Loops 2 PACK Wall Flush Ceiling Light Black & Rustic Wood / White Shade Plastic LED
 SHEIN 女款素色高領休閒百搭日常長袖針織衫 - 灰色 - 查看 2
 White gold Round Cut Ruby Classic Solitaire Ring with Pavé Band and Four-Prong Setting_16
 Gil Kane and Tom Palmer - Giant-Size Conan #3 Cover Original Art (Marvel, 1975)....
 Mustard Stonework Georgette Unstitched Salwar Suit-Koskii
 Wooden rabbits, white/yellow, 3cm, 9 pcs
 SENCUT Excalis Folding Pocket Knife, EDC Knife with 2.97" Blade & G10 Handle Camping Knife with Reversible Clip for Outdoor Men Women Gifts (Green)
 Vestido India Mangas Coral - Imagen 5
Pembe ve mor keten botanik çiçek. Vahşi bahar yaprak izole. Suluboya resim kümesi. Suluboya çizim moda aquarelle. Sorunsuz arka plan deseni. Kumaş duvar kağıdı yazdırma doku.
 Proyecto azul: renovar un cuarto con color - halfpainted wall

+++

WHAT IS NEEDED: Look above for the line containing "White gold Round", then transcribe it and all lines after it through the last, exactly and with nothing else.

EXERCISE SOLUTION:
 White gold Round Cut Ruby Classic Solitaire Ring with Pavé Band and Four-Prong Setting_16
 Gil Kane and Tom Palmer - Giant-Size Conan #3 Cover Original Art (Marvel, 1975)....
 Mustard Stonework Georgette Unstitched Salwar Suit-Koskii
 Wooden rabbits, white/yellow, 3cm, 9 pcs
 SENCUT Excalis Folding Pocket Knife, EDC Knife with 2.97" Blade & G10 Handle Camping Knife with Reversible Clip for Outdoor Men Women Gifts (Green)
 Vestido India Mangas Coral - Imagen 5
Pembe ve mor keten botanik çiçek. Vahşi bahar yaprak izole. Suluboya resim kümesi. Suluboya çizim moda aquarelle. Sorunsuz arka plan deseni. Kumaş duvar kağıdı yazdırma doku.
 Proyecto azul: renovar un cuarto con color - halfpainted wall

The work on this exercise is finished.